Un gesto estremo: un tragico omicidio.
- Anna Maria Siano
- 11 nov 2024
- Tempo di lettura: 3 min

“Niente è sicuro fuorché la morte” decreta Seneca.
Ogni film ha il suo finale e ogni azione giunge, a un certo punto, al termine. Un termine che può definirsi irruento, sanguinoso e decisamente terribile. Molte volte, nel consuetudinario circolo della vita, il finale tende a delinearsi come effimero, sterile ed infimo. È questo il caso di Candido Montini, 76enne ex sindaco di Garzeno e gestore di un consorzio di alimentari del paese.
Il 24 settembre viene ritrovato il corpo del pensionato, nella sua dimora nella frazione Catasco, a Garzeno, privo di vita. L’autopsia evidenzia molto chiaramente che la causa della morte è stata una successione di 28 coltellate, in particolare, una al collo che potrebbe essere stata quella decisiva. La scena del crimine è abbastanza chiara: il signor Montini è ritrovato steso sul pavimento accanto al divano, a piedi nudi e in evidente tenuta casalinga. Ciò che sfugge all’artefice del delitto sono delle tracce di DNA, in particolar modo di sangue, venute alla luce sulla ringhiera esterna della casa, grazie all’intervento dei Ris di Parma. Per giorni si indaga sul possibile colpevole, ci si chiede chi possa mai essere arrivato a tanto.
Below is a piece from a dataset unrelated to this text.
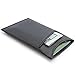 Dash Wallets Premium Slim Wallet For Men (Ultra-Lite Black)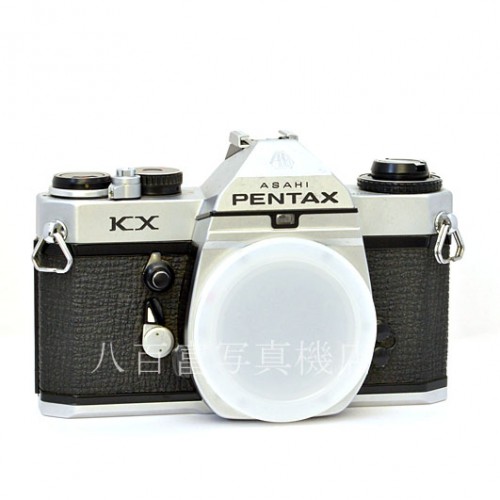 【中古】 ペンタックス KX シルバー ボディ PENTAX 中古フイルムカメラ 48286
Gli abitanti del paesino, animato da solo 110 abitanti, scommettono su un forestiero e si offrono volontari per un test del DNA. Alla fine, dopo tempi di silenzio e di continue indagini, si trova un sospettato. Si tratta di un minorenne, affiliato ad alcuni giri non ben visti all’interno del paese, che giorni prima aveva chiesto alla vittima il cambio di 300 euro con pezzi da 50. Candido Montini, accortosi delle banconote false, non si limita a rifiutare, ma decide anche di avvisare gli altri abitanti del paese, mettendoli in guardia dal ragazzo.
Ciò porta a un violento screzio tra i due e si ipotizza che il giovane, il giorno seguente, si sia introdotto nell’abitazione dell’ex sindaco per rapinarlo e che, nell’agitazione, lo abbia alla fine assalito e condotto alla morte. All’inizio il 17enne si dichiara estraneo ai fatti, sostenuto dalla testimonianza della nonna la quale afferma espressamente che il giovane era a lezione di scuola guida e quindi non avrebbe potuto rendersi responsabile del crimine. Il sospettato viene alla fine arrestato e dopo pochi giorni di permanenza presso il carcere minorile Beccaria, si confessa colpevole.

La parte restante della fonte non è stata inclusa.